▶ [Your task]:
Repeat the data precisely as given.

▶ [The data]:
----------
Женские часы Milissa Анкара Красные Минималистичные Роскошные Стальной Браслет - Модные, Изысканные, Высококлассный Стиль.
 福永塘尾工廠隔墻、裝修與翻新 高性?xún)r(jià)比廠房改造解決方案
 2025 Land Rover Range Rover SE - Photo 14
----------
▶ [Task solution]:
Женские часы Milissa Анкара Красные Минималистичные Роскошные Стальной Браслет - Модные, Изысканные, Высококлассный Стиль.
 福永塘尾工廠隔墻、裝修與翻新 高性?xún)r(jià)比廠房改造解決方案
 2025 Land Rover Range Rover SE - Photo 14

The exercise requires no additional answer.